An einem drückend schwülen Tag fährt Cristabel mit dem Rad in den Norden von Paris, um sich die Clignancourt-Baracken anzuschauen, in denen angeblich Franzosen wohnen, die sich freiwillig zur SS gemeldet haben. Sie kann zwar nicht so nah an die Baracken heran, aber sie setzt sich am Morgen in ein Café in der Nähe und beobachtet, welche Art von Militärfahrzeugen hinein- und herausfahren, während sie eine interessante Unterhaltung über die Moral der Truppen belauscht.

Danach fährt sie mit dem Rad zurück durch die Stadt und macht einen Umweg, um die Straßensperren zu meiden. Sie hält kurz an einem Kiosk, um eine Zeitung zu kaufen, und der Zeitungsverkäufer sagt grinsend: »Haben Sie schon gehört? Die Alliierten haben Saint-Lô befreit.«

Die Aufregung angesichts dieser Neuigkeiten verleiht ihr neue Kräfte, und schon bald fliegt sie auf die Seine zu, als sie auf einmal ein Straßenschild sieht – Rue des Rosiers – und anhält. In der Rue des Rosiers hatte Mademoiselle Auberts Mutter gewohnt, über einem Laden. Dort hatte sie ihre Näharbeiten erledigt und gehofft, dass ihre Familie eines Tages wieder zu alter Größe erstehen würde. Ganz plötzlich steht es ihr wieder vor Augen. Das stickige Schulzimmer auf dem Dachboden von Chilcombe.

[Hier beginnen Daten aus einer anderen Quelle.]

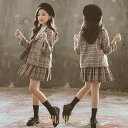 子供スーツ フォーマル 女の子 子供服 セットアップ キッズ おしゃれ 長袖 春秋 2点セット アウター 立ち襟 スカート チェック柄 入学式 卒業式 可愛い ...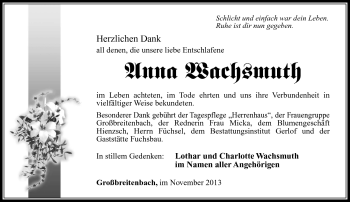 Traueranzeige von Anna Wachsmuth von Südthüringer Presse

Mademoiselle Auberts Verbitterung über den Abstieg ihrer Familie.

Cristabel schiebt ihr Fahrrad in die enge, kopfsteingepflasterte Gasse und späht hinunter. Die Gebäude lehnen nah aneinander, sie sehen älter aus als die anderen Häuser in Paris. Ein paar sind zugenagelt oder haben zerbrochene Fenster. Sie sieht gekritzelte Graffiti, das Wort Juif auf eine Tür geschrieben. Eine alte Frau, die sich in einen Schal gewickelt hat, sitzt auf einer Vortreppe. Cristabel bietet ihr eine Zigarette an und fragt leise, ob sie eine Mme Aubert kennt, die einmal in dieser Straße gelebt hat.

Die alte Frau lacht, und ihr Gelächter löst eine Kaskade aus kehligem Husten aus. Irgendwann sagt sie: »Die wohnt nicht mehr hier. Sie ist aufgestiegen in der Welt. Mit ihren neuen Freunden.«

»Wissen Sie, wo ich sie finden kann?«, fragt Cristabel.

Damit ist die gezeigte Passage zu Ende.